What is needed is an exact repeat of the entries, with no pictures in it.

(Scraped caption text data)
══════════

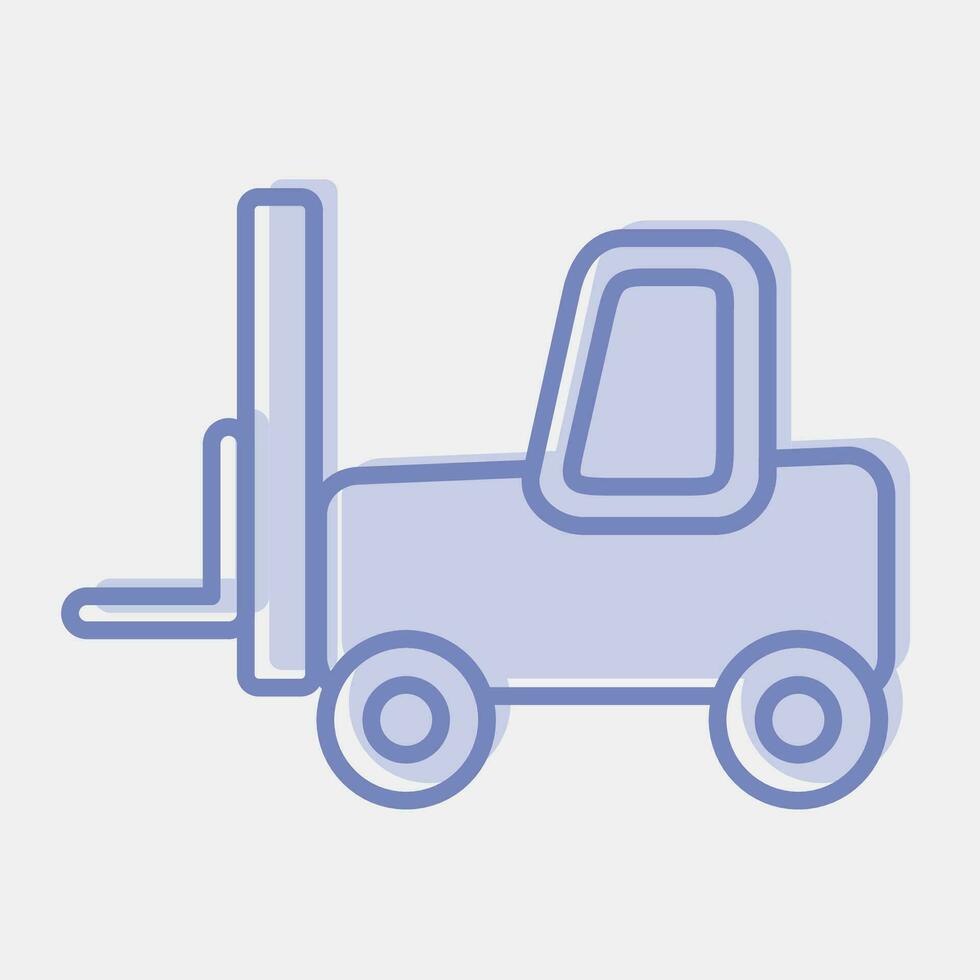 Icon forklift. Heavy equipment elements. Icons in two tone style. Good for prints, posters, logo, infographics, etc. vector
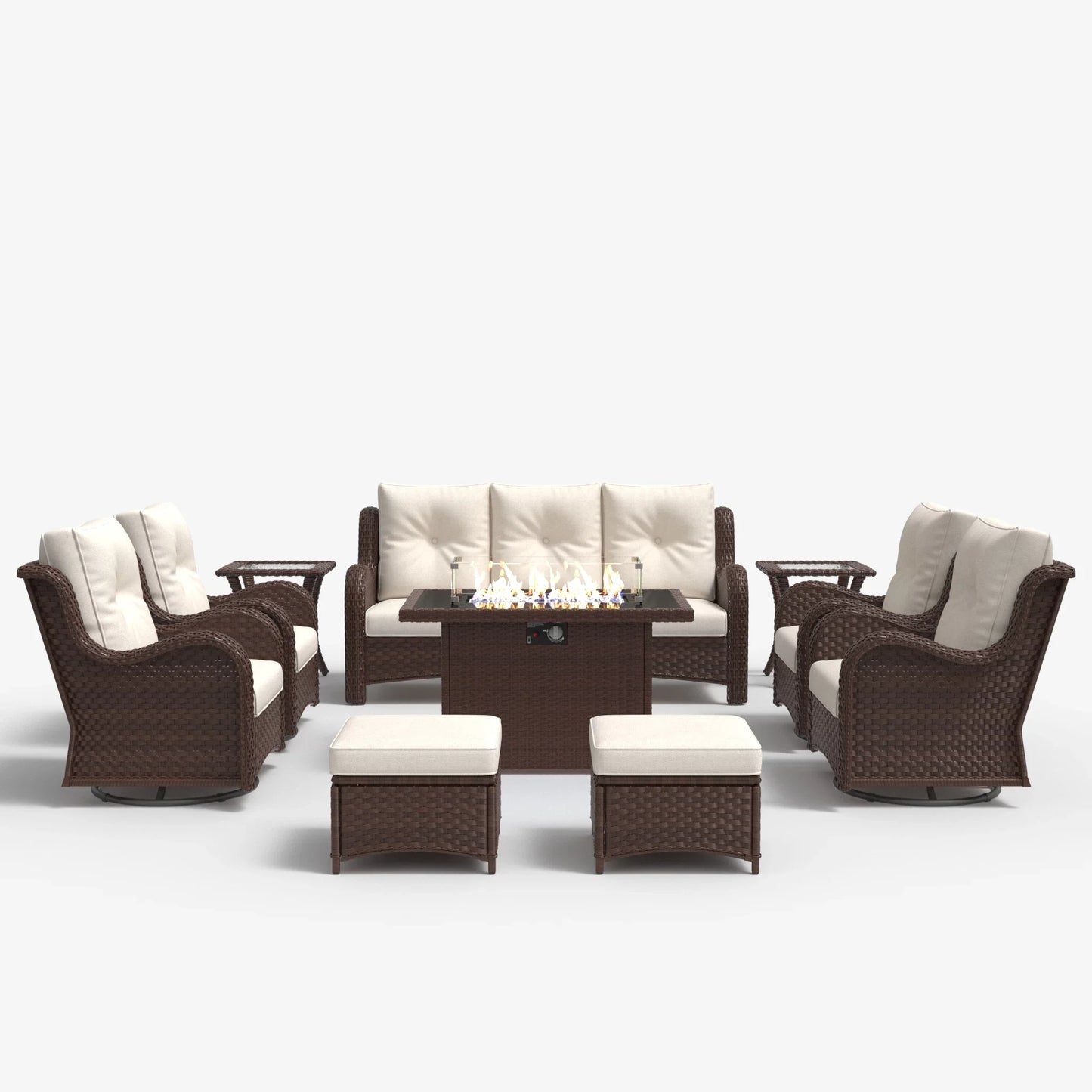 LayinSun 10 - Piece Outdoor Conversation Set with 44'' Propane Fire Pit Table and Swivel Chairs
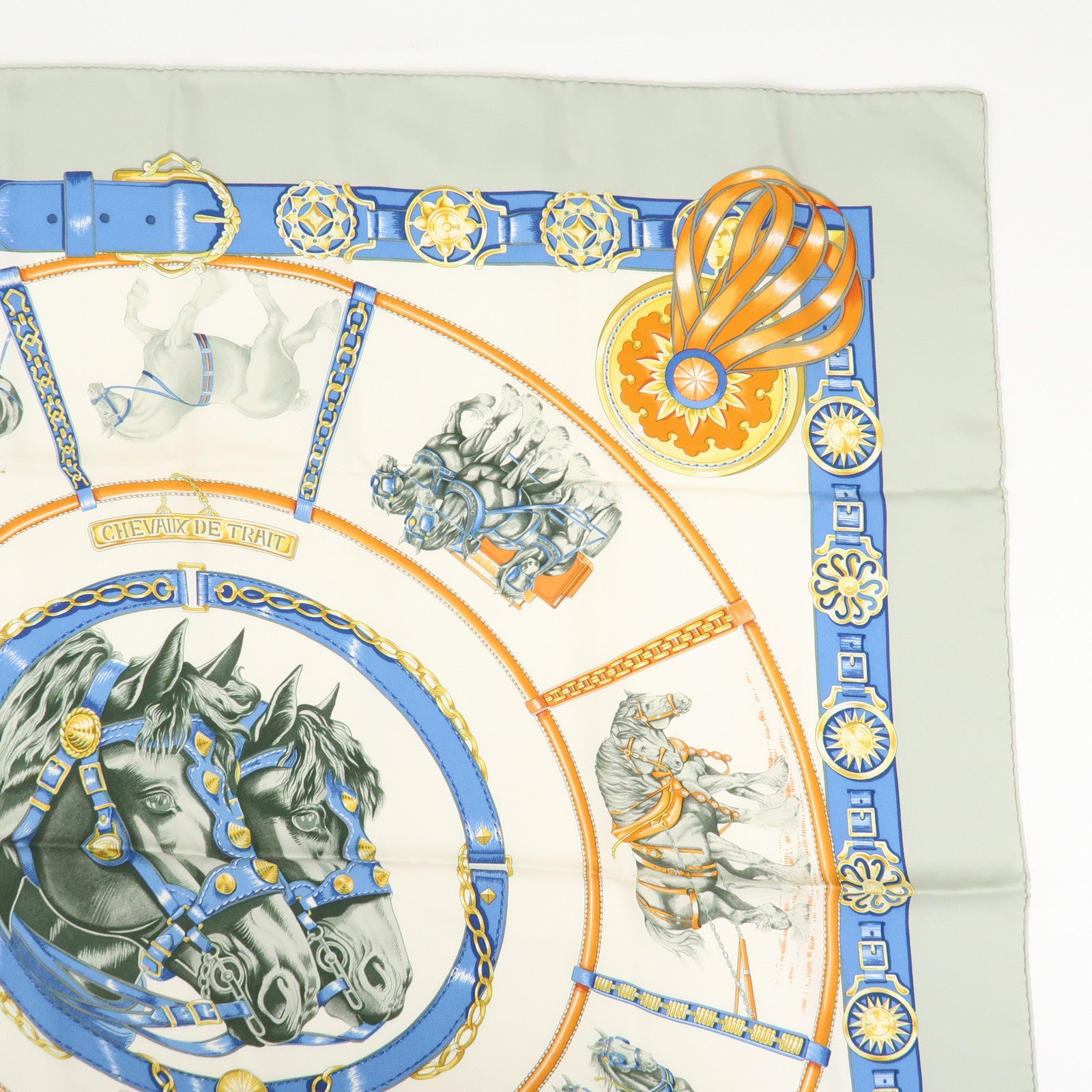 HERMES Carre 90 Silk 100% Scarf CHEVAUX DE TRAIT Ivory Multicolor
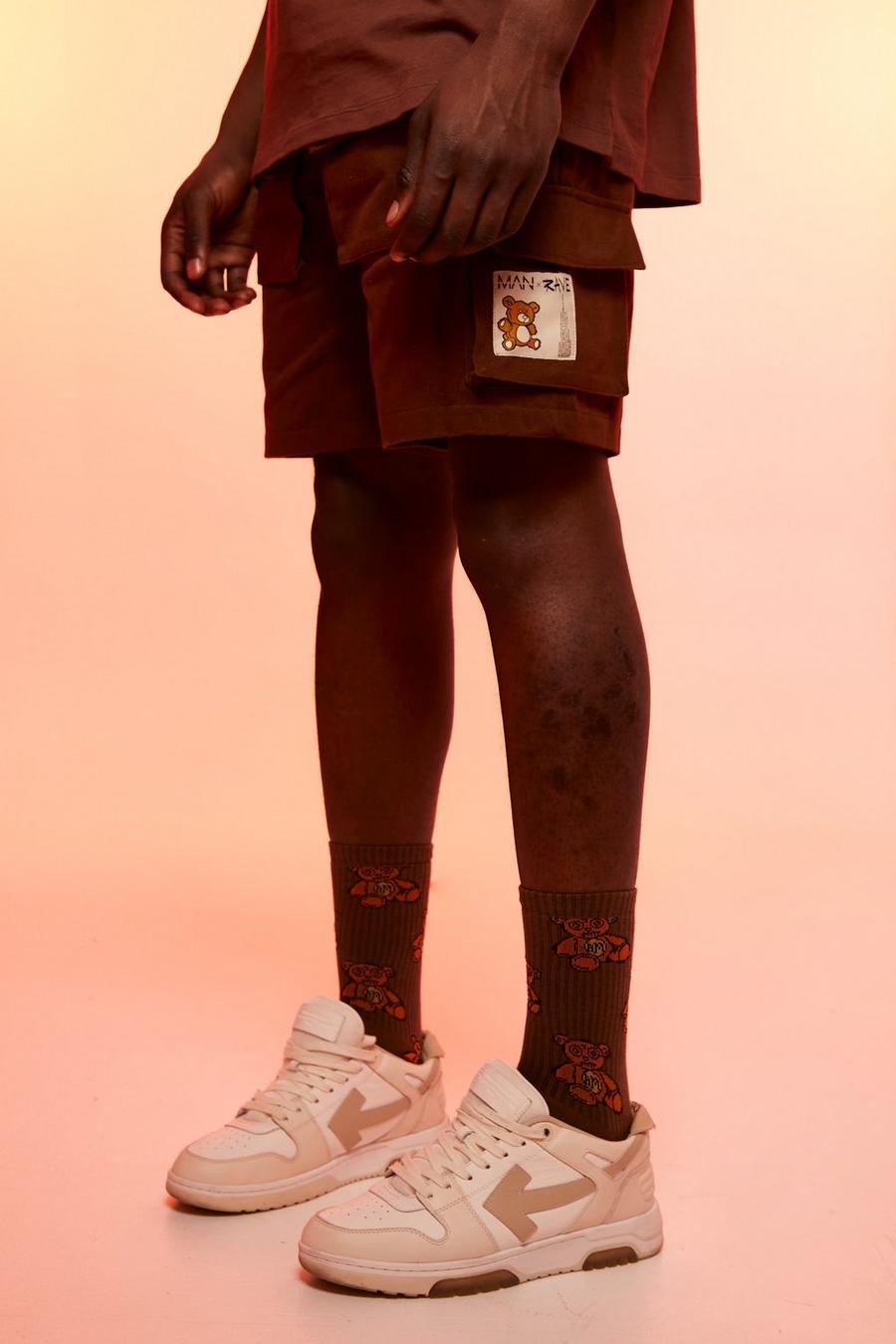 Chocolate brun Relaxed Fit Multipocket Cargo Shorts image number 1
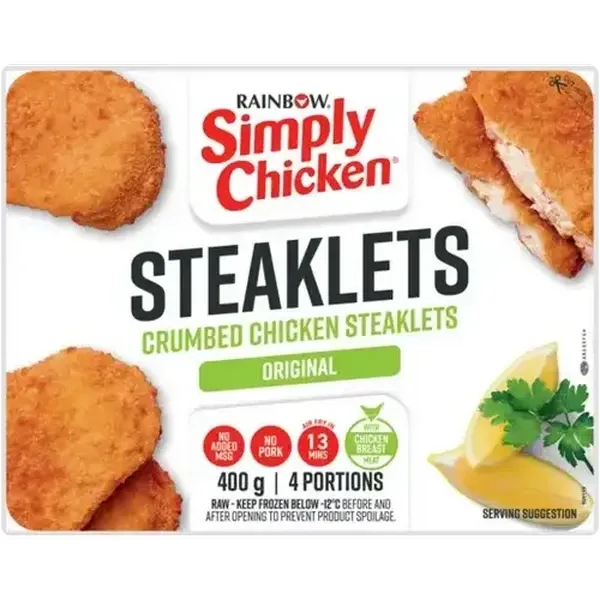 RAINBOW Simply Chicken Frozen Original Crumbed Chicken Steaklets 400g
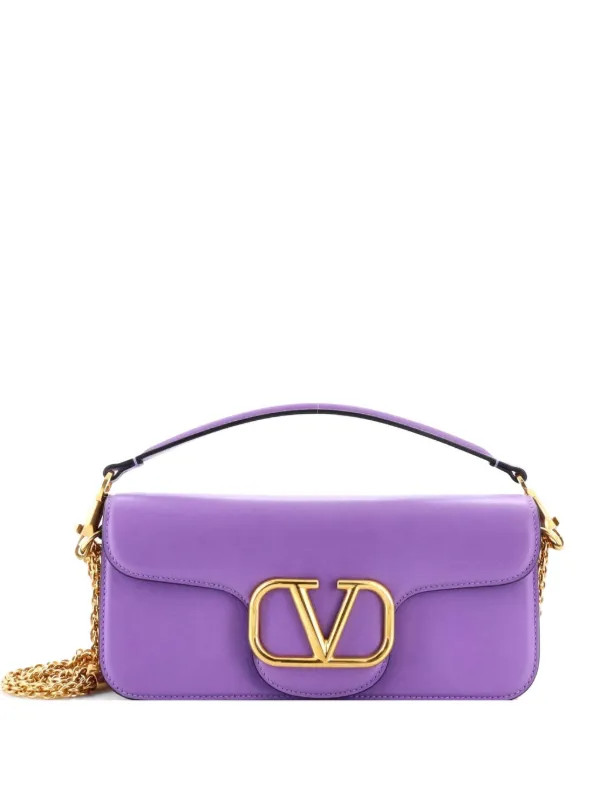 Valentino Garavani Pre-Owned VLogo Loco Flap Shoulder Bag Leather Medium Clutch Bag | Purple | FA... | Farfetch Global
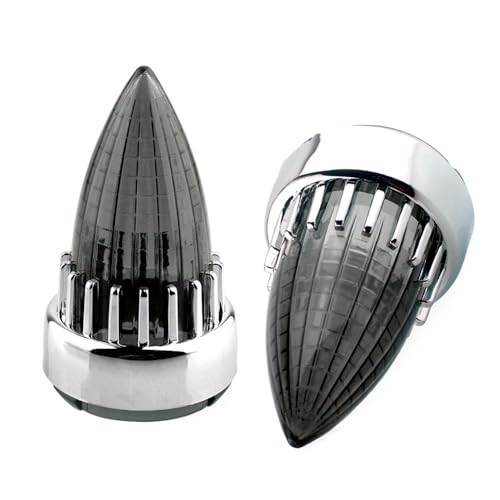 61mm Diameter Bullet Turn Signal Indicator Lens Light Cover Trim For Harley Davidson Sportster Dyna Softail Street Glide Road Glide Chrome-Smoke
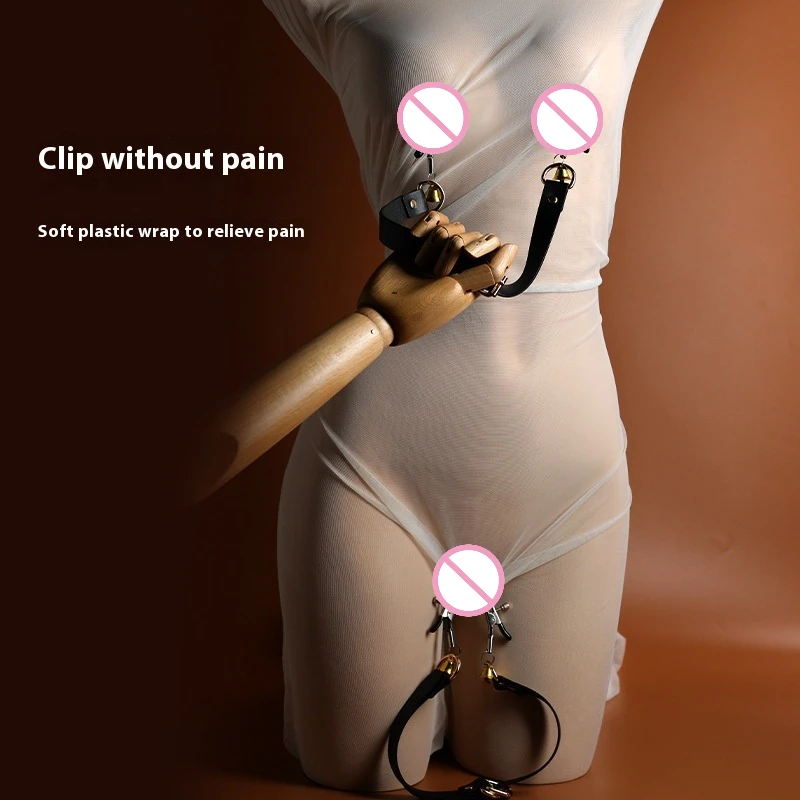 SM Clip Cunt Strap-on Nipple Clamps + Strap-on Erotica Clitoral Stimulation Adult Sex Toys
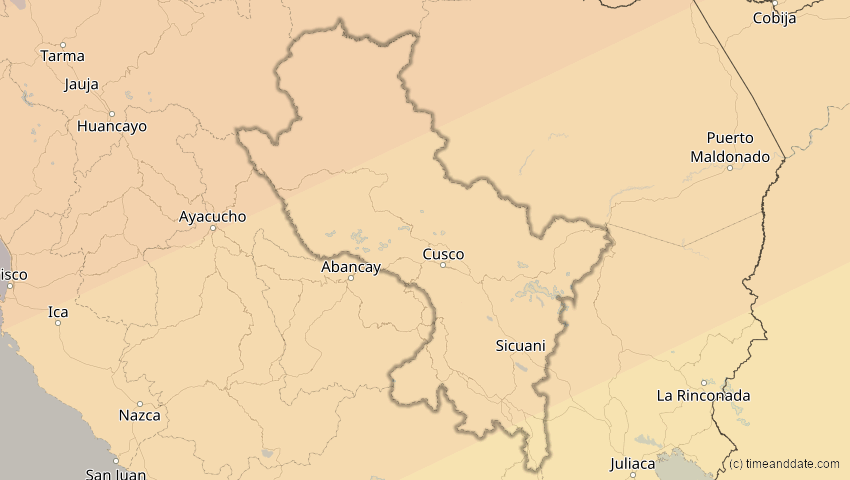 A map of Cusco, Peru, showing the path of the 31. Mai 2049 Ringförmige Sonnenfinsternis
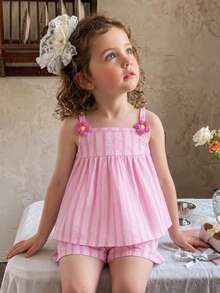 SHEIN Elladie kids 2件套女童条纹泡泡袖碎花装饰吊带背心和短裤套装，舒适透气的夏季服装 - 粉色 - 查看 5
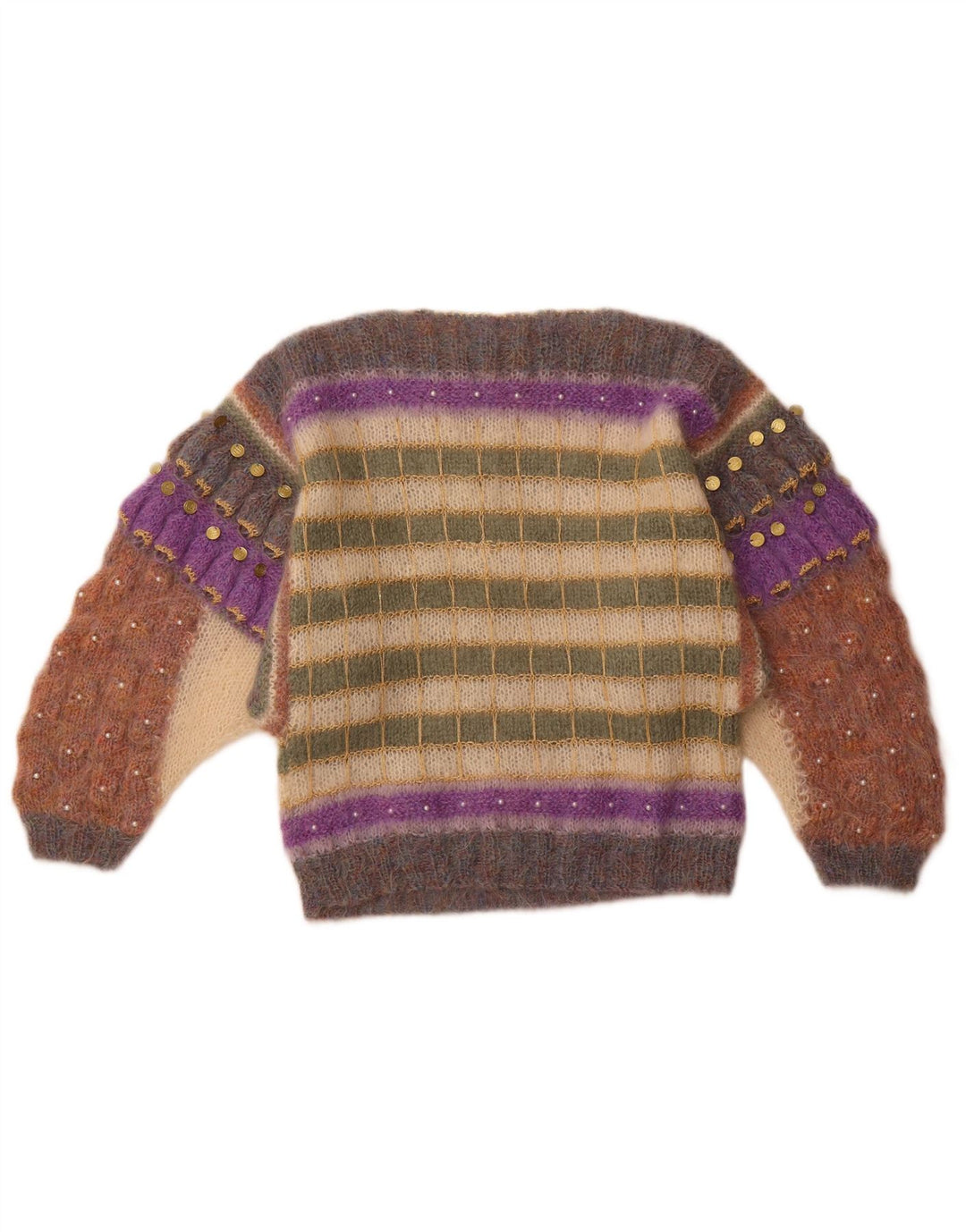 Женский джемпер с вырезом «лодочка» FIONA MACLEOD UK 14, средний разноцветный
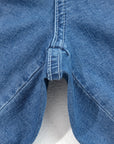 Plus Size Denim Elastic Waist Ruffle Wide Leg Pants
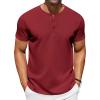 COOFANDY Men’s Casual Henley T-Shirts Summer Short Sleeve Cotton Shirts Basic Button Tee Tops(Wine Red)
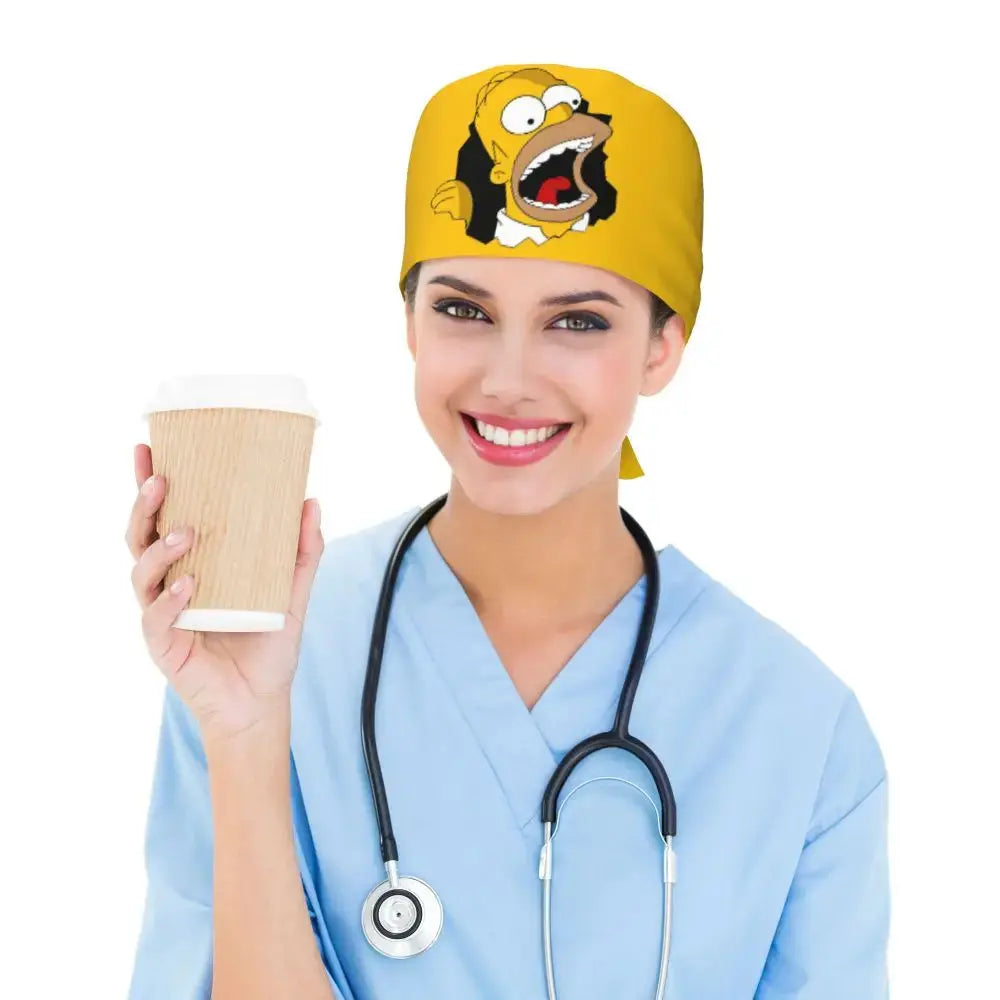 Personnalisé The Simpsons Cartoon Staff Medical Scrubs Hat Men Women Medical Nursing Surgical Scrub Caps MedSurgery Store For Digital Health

══════════

• [ANSWER SPACE]
 Icon forklift. Heavy equipment elements. Icons in two tone style. Good for prints, posters, logo, infographics, etc. vector
 LayinSun 10 - Piece Outdoor Conversation Set with 44'' Propane Fire Pit Table and Swivel Chairs
 HERMES Carre 90 Silk 100% Scarf CHEVAUX DE TRAIT Ivory Multicolor
 Chocolate brun Relaxed Fit Multipocket Cargo Shorts image number 1
 RAINBOW Simply Chicken Frozen Original Crumbed Chicken Steaklets 400g
 Valentino Garavani Pre-Owned VLogo Loco Flap Shoulder Bag Leather Medium Clutch Bag | Purple | FA... | Farfetch Global
 61mm Diameter Bullet Turn Signal Indicator Lens Light Cover Trim For Harley Davidson Sportster Dyna Softail Street Glide Road Glide Chrome-Smoke
 SM Clip Cunt Strap-on Nipple Clamps + Strap-on Erotica Clitoral Stimulation Adult Sex Toys
 A map of Cusco, Peru, showing the path of the 31. Mai 2049 Ringförmige Sonnenfinsternis
 SHEIN Elladie kids 2件套女童条纹泡泡袖碎花装饰吊带背心和短裤套装，舒适透气的夏季服装 - 粉色 - 查看 5
 Женский джемпер с вырезом «лодочка» FIONA MACLEOD UK 14, средний разноцветный
 Plus Size Denim Elastic Waist Ruffle Wide Leg Pants
 COOFANDY Men’s Casual Henley T-Shirts Summer Short Sleeve Cotton Shirts Basic Button Tee Tops(Wine Red)
 Personnalisé The Simpsons Cartoon Staff Medical Scrubs Hat Men Women Medical Nursing Surgical Scrub Caps MedSurgery Store For Digital Health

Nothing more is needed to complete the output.